CHANGE TO BELIEVE IN?
The Afghan ambassador on Tuesday welcomed the change of command of U.S. forces in his country and hoped that the move signals an effective new American strategy to defeat Taliban militants who are terrorizing the countryside.
“It’s a new strategy. It’s a new team,” Ambassador Said T. Jawad told a forum on Afghanistan at the Carnegie Endowment for International Peace. “We are looking forward to working with [Lt. Gen. Stanley A.] McChrystal.”
Mr. Jawad said he was astonished by Defense Secretary Robert M. Gates’ surprise decision to remove Gen. David McKiernan, who commanded U.S. and NATO forces in Afghanistan for the past 11 months, but pleased with the decision to replace him with Gen. McChrystal, a former Green Beret and ex-commander of the special operations forces in Iraq.
“I was surprised by the quick removal of General McKiernan,” Mr. Jawad said.
In Afghanistan on Tuesday, the new U.S. ambassador, Karl Eikenberry, presented his diplomatic credentials to President Hamid Karzai.
Mr. Jawad, commenting on a new Carnegie Endowment report, rejected suggestions from some analysts that the United States or the Afghan government open reconciliation talks with the Taliban.
He called such talks a “weak policy option,” adding that it would be effective only “if we talk from a position of strength.”

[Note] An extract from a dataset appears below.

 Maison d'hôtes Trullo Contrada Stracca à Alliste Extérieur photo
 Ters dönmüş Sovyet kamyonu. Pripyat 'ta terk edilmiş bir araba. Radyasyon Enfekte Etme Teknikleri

Mr. Jawad said the Taliban, the extremist Islamist movement overthrown by U.S. forces in 2001, controls territory in the southern part of the country through brute force and terror.
“To them success means beheading a teacher or planting a land mine in the road,” he said. “They even claim success when they lose 30 or 40 men.”
Mr. Jawad said for the government to succeed, it must recruit more soldiers and train more police to provide security and services. In one recent poll, Afghans expressed dismay with the government because of its weakness and corruption but disapprove of a return to Taliban rule by a margin of more than 80 percent.
The new Carnegie Endowment report by Ashley J. Tellis calls reconciliation “the worst approach at this time.”
“Promoting reconciliation with the Taliban is one idea that has reappeared - even in the [Obama] administration’s own White Paper on U.S. policy toward Afghanistan and Pakistan,” Mr. Tellis said in the report, titled “Reconciling With the Taliban?”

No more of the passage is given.